## EXERCISE
Output the data below exactly as it is, dropping the pictures from your copy.

## INPUT MATERIAL
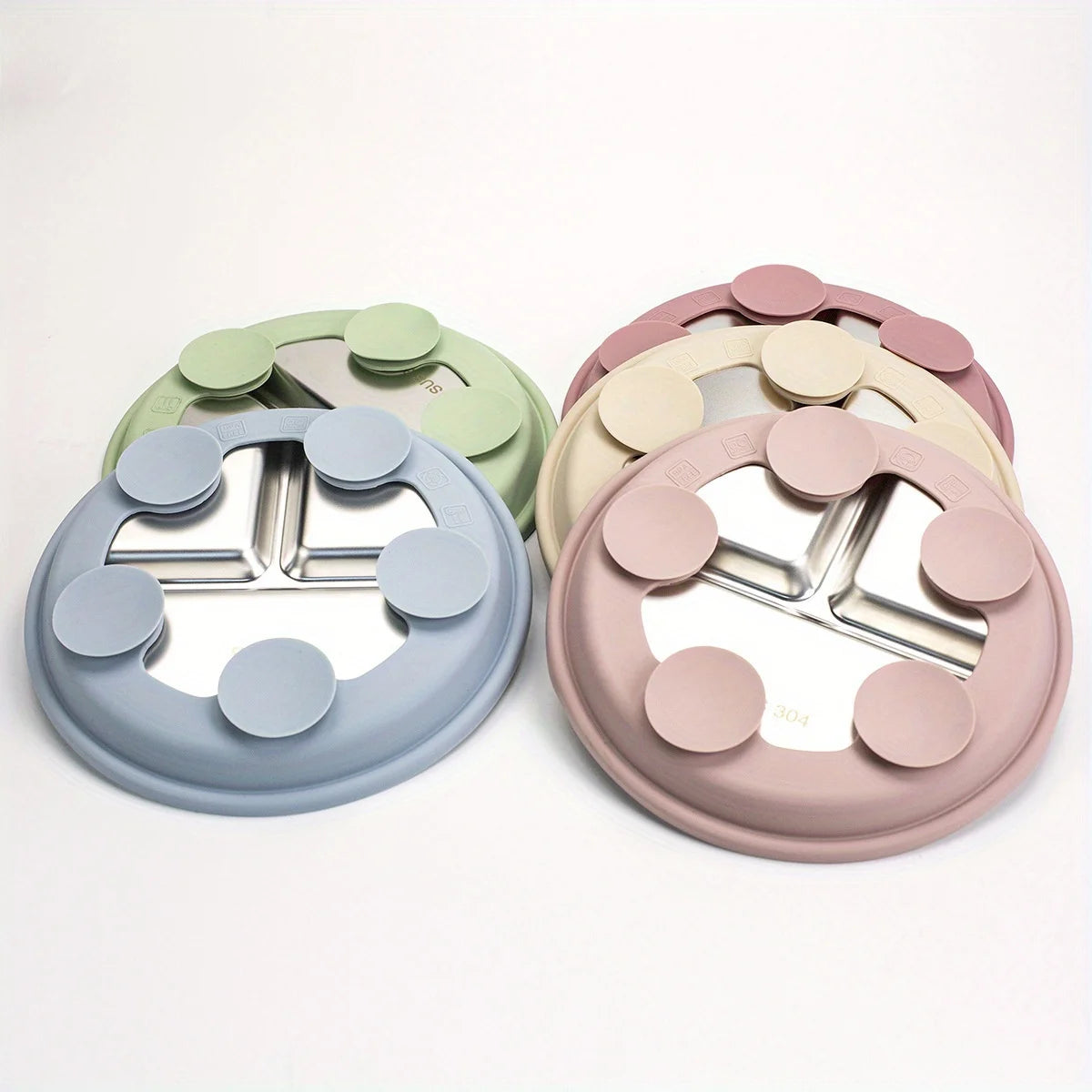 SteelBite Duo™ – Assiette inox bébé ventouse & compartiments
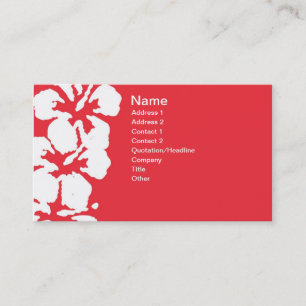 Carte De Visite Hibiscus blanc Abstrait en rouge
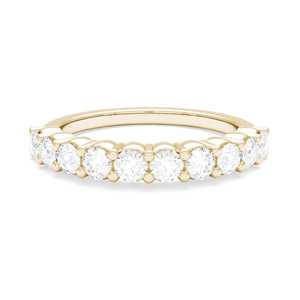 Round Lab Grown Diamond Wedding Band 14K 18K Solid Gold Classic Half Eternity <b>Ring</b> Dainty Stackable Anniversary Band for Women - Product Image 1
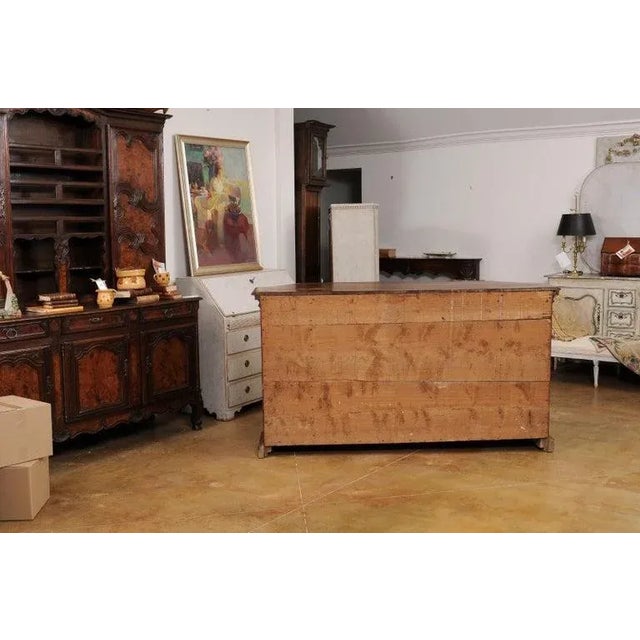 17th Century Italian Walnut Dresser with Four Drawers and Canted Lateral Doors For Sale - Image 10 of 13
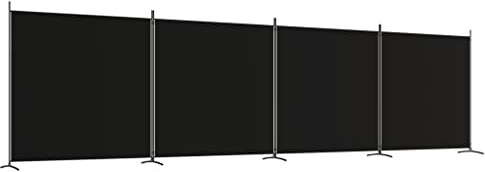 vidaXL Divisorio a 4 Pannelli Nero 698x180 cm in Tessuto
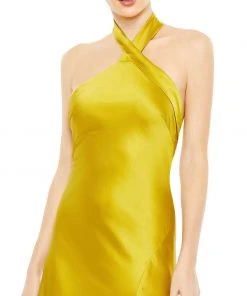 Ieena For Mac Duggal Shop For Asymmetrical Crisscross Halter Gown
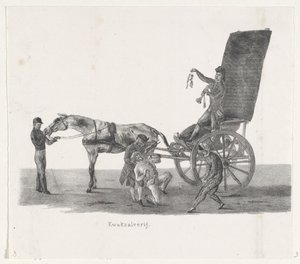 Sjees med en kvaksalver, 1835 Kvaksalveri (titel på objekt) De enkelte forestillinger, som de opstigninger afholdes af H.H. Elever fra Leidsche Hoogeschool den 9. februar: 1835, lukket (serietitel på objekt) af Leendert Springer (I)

## ANSWER TO THIS EXERCISE
 SteelBite Duo™ – Assiette inox bébé ventouse & compartiments
 Carte De Visite Hibiscus blanc Abstrait en rouge
 Round Lab Grown Diamond Wedding Band 14K 18K Solid Gold Classic Half Eternity <b>Ring</b> Dainty Stackable Anniversary Band for Women - Product Image 1
 17th Century Italian Walnut Dresser with Four Drawers and Canted Lateral Doors For Sale - Image 10 of 13
 vidaXL Divisorio a 4 Pannelli Nero 698x180 cm in Tessuto
 Ieena For Mac Duggal Shop For Asymmetrical Crisscross Halter Gown
 Sjees med en kvaksalver, 1835 Kvaksalveri (titel på objekt) De enkelte forestillinger, som de opstigninger afholdes af H.H. Elever fra Leidsche Hoogeschool den 9. februar: 1835, lukket (serietitel på objekt) af Leendert Springer (I)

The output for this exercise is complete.